Kosovo, il luogo del silenzio

Intolleranza, xenofobia, uranio impoverito: la situazione a quattro
anni dalla guerra che tutti considerarono allora un intervento
umanitario. "Kosovo. Buco nero d'Europa", di Uberto Tommasi e Mariella
Cataldo, ritorna sull'argomento


Era la primavera del 1999, quando la Nato lanciava bombe e proiettili
all'uranio impoverito su tutto il territorio di quella che si chiamava
ancora Repubblica Federale Jugoslava. Si trattava, come dissero i
leader al governo, da D'Alema a Schröder, di un "intervento umanitario"
per impedire il genocidio dei kosovaro-albanesi.

Solo un anno dopo, nel marzo 2000, un documentato dossier curato da
Serge Halimi e Dominique Vidal su "Le monde diplomatique", dimostrò
come non era vero che ci fosse in atto una catastrofe umanitaria. A
conferma di ciò, nelle settimane scorse, è uscito un libro (Kosovo.
Buco nero d'Europa, Edizioni Achab, euro 11) di Uberto Tommasi e
Mariella Cataldo. E' una lettura che consigliamo, oltre a tutti i
pacifisti, anche a Massimo D'Alema e a quanti assieme a lui continuano
a ritenere quella guerra un intervento umanitario.

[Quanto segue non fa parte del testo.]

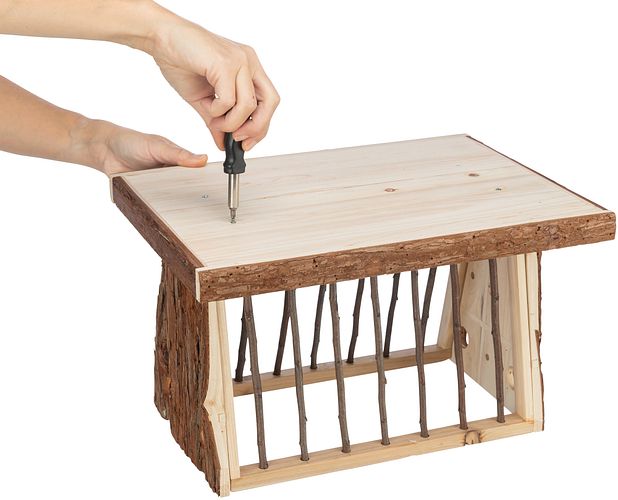 TRIXIE Heuraufe mit Boden und Dach, Rindenholz, 40 × 22 × 30 cm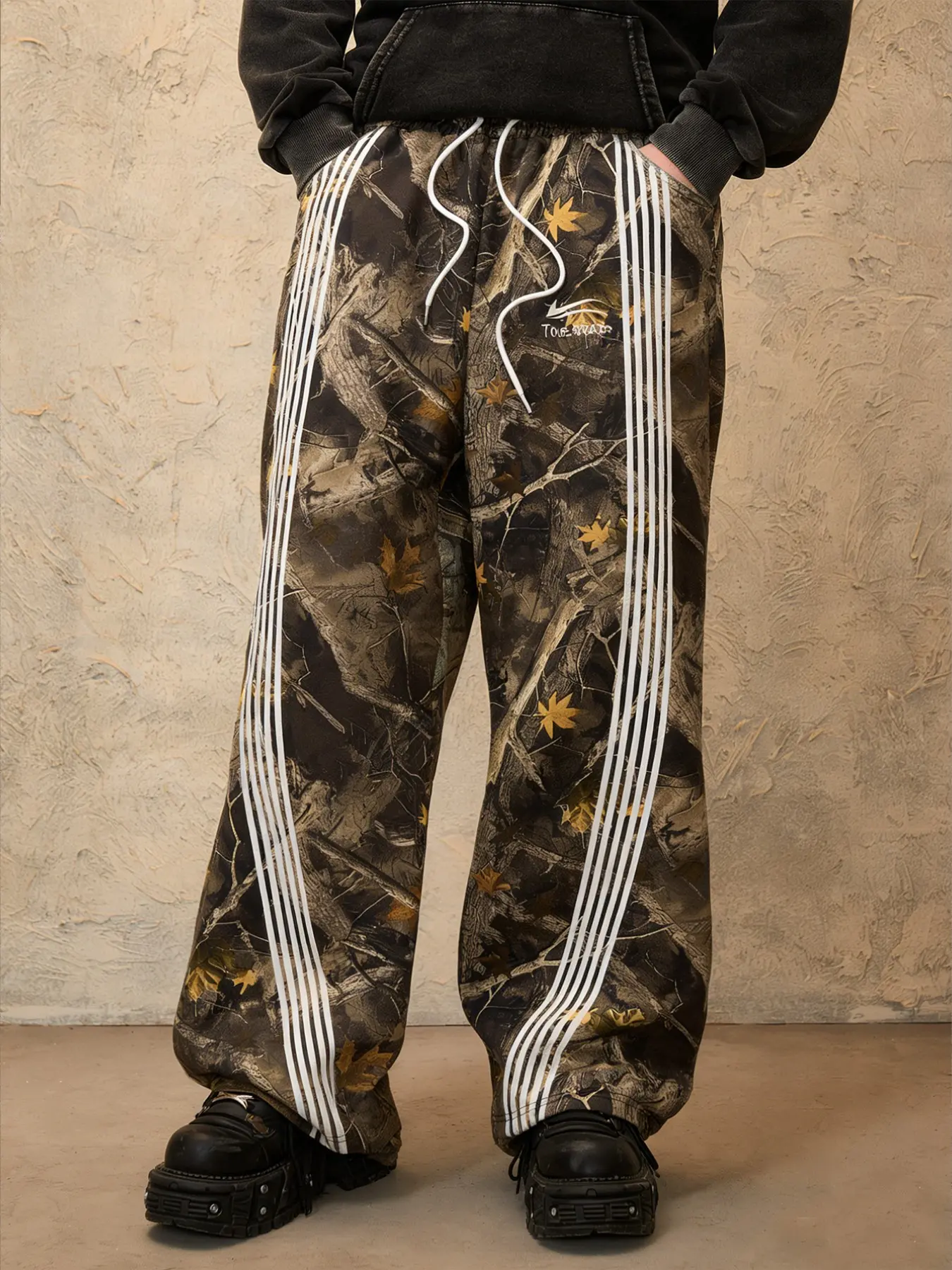 Vintage Loose Fit Oversized Striped Pants, Unisex Street Style, Comfortable Sporty Long Trouser Pants, Casual Trousers, Casual All Seasons, Inspired by 90s Fashion, Streetwear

Come spiega l'attenta prefazione di Andrea Catone, la guerra contro la
Serbia, fortemente voluta dai tedeschi e dall'amministrazione Clinton,
era funzionale allo sviluppo e al controllo dei corridoi energetici e
delle risorse minerarie come la lignite, ricchezza primaria del Kosovo.
Così come è servita agli Usa per piazzare la più grande base militare
d'Europa: Camp Bundsteel, capace di ospitare cinquantamila militari,
con 25 chilometri di strade, 300 edifici, 14 chilometri di barriere di
cemento, 84 chilometri di filo spinato.

Di tutto questo i mass media non se ne occuparono. Hanno deciso di
tacere anche sul fatto che in questi cinque anni, con l'avallo
dell'Onu, si sono consumati i più efferati delitti e una pulizia etnica
radicale e violenta contro serbi e rom. Di più: i grandi mezzi di
comunicazione hanno cercato in ogni modo di fare dimenticare questa
«ferita aperta nel cuore dell'Europa», per far sì che non venissero mai
a cadere quelle motivazioni che avevano promosso e giustificato la
guerra.

Oggi più che mai invece, il Kosovo rappresenta appieno la menzogna che
si celava dietro l'intervento umanitario: «Oggi il Kosovo è il luogo
del silenzio».

Il libro di Uberto Tommasi e Mariella Cataldo cerca di inserirsi
all'interno di questa brutale indifferenza che si è perpetuata nel
tempo, per sconfiggerla. Kosovo, Buco nero d'Europa è il disperato
tentativo di rompere il silenzio che ha circondato questa regione, è
l'esigenza di far sentire la voce di chi - da una parte o dall'altra -
è riuscito a sopravvivere.

Uberto Tommasi - che era già stato in questa terra nel luglio del 1999
- decide di tornarci dopo i fatti del 17 marzo del 2004, cioè dopo un
pogrom in piena regola durato tre giorni, durante il quale nel Kosovo
furono uccisi 31 serbi.

Pur in mezzo a numerose difficoltà, tante sono le testimonianze
raccolte e ognuna meriterebbe di essere raccontata e commentata.
Dall'incontro a Prizren con Selim e Ilaz, due intellettuali moderati;
alla dissertazione sulla spiegazione del pogrom di marzo fatta da un
giovane americano, sentita in un caffè. O ancora dalla visita a don
Shan Zefi, un prete che sta dando vita alla costruzione di una chiesa
dedicata a Madre Teresa di Calcutta a Pristina; alla chiacchierata con
Bajran un tecnico dei telefoni, partito volontario dalla Germania per
il Kosovo nel 1999, che racconta con sgomento l'ordine di cantare
impartito dal suo ufficiale per coprire le urla di un paio di civili
serbi catturati.

Ma di tutte le interviste fatte, due più di tutte meritano di essere
riportate per l'immenso disagio che raccontano.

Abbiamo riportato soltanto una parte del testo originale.